── Data block ──

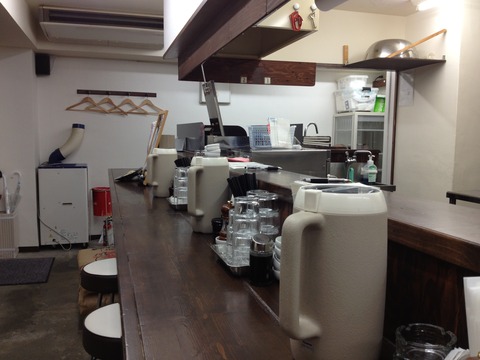 我逢人_店内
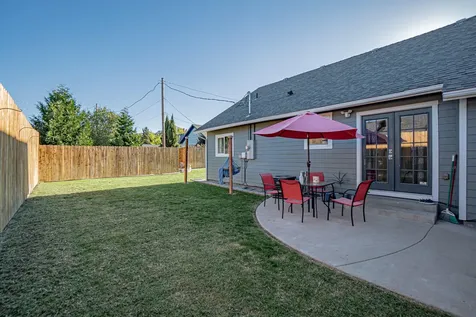 512 N Holly Street Medford OR 97501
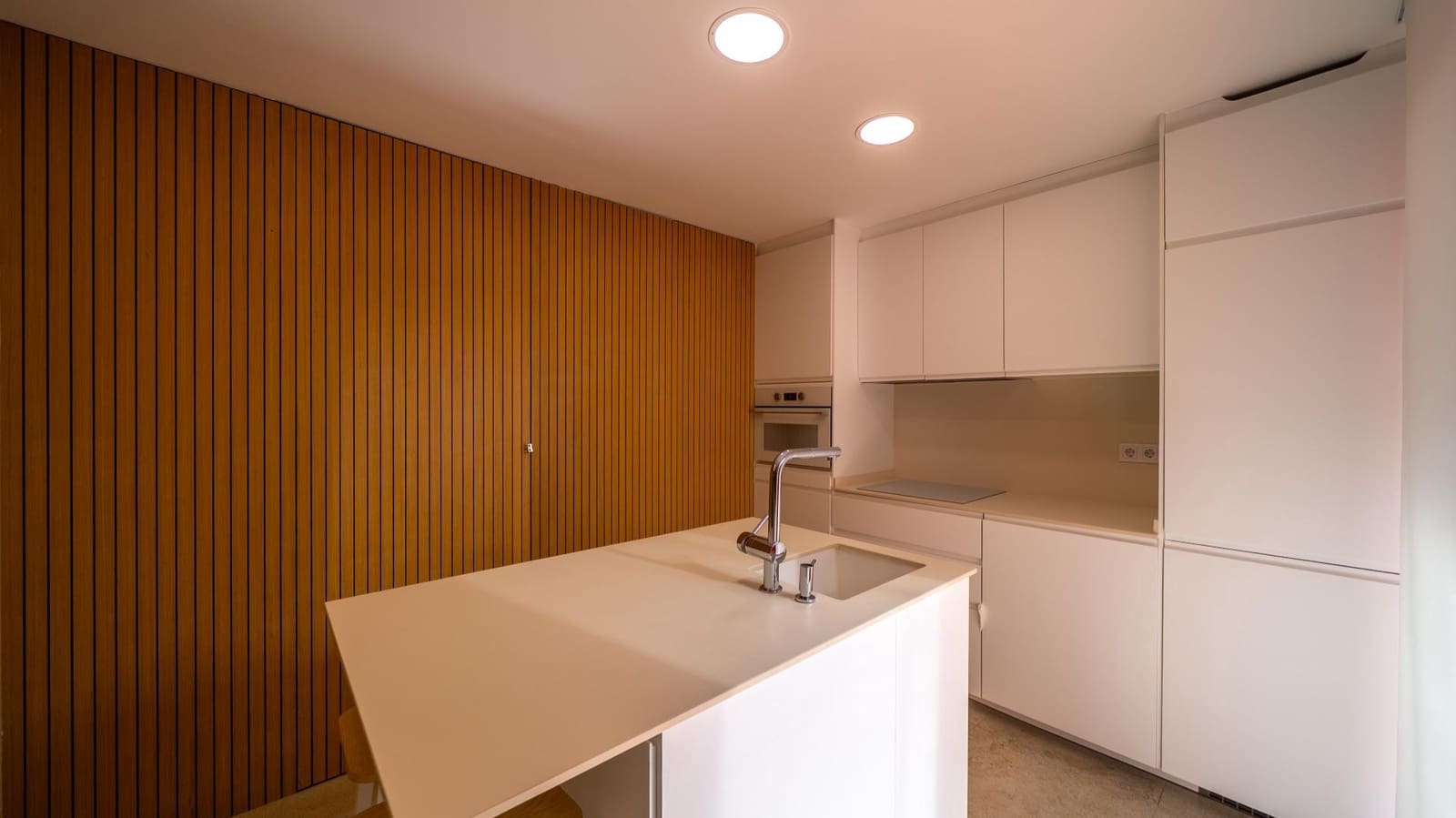 4 bedroom Flat for sale in Pozuelo de Alarcon with pool garage - € 1,249,000 (Ref: 9911066)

───

Aim of the task ::
Line for line, restate the data above and omit every picture.

Output for this exercise ::
 我逢人_店内
 512 N Holly Street Medford OR 97501
 4 bedroom Flat for sale in Pozuelo de Alarcon with pool garage - € 1,249,000 (Ref: 9911066)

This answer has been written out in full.